The Christian Legal Society told The Christian Post on Friday that the small Christian student group, which wants to stay anonymous, received an email from the administration last Tuesday that stated that the group's application to keep its recognition was deficient because the group's constitution states the following:
"Criteria for officer selection will include level and quality of past involvement, personal commitment to Jesus Christ, commitment to the organization, and demonstrated leadership ability."
CLS said that the student group was told that in order to retain recognition, it must eliminate the requirement that leaders have a "personal commitment to Jesus Christ." The private university, located in Nashville, Tenn., dictated that the following sentence be substituted instead:
"Criteria for officer selection will include level and quality of past involvement, commitment to the organization, and demonstrated leadership ability."

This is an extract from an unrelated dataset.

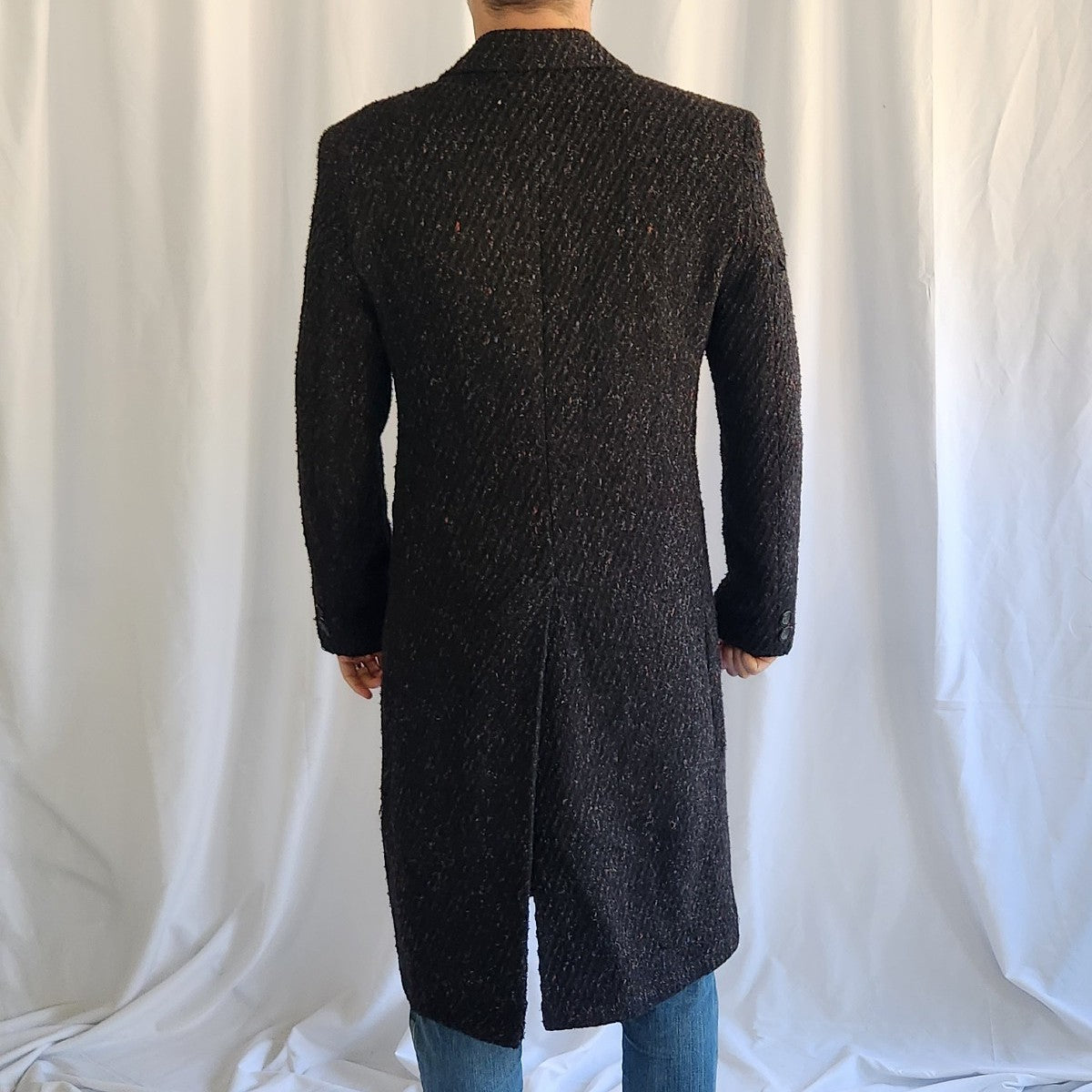 80s/90s Black Wool Overcoat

Although they do not want to bring attention to themselves, the issue with Christian organizations at Vanderbilt has become enough of a problem on campus that the group does want to let others know about the situation, said CLS spokesperson Kim Colby.
"When they went over their constitution on Jan. 31 they had been told that their constitution is fine. This past Tuesday, they were told it's not fine unless you take out these five words: 'a personal commitment to Jesus Christ,' requirement for your leaders," Colby told CP. "They were told they would not be recognized next year which means they cannot reserve space, or attend the student fair, or be a part of email blasts from the college."
Recently, Christian students at Vanderbilt University organized a video campaign highlighting their concern for the university's new policy that they say discriminates against Christians.
The nearly seven-minute video features several university students, alumni, and sponsors speaking on their rights to freely express their religious association, and the importance of electing religious leaders to the university's student run organizations.
The video also claims that there is a disparity in university requirements for Greek organizations and religious organizations, as the university allows Greek organization to "discriminate" for leadership and membership positions.
Students protesting the "all-comers" policy have formed the group Vanderbilt Solidarity, consisting of 11 Christian groups and supported by the Alliance Defense Fund.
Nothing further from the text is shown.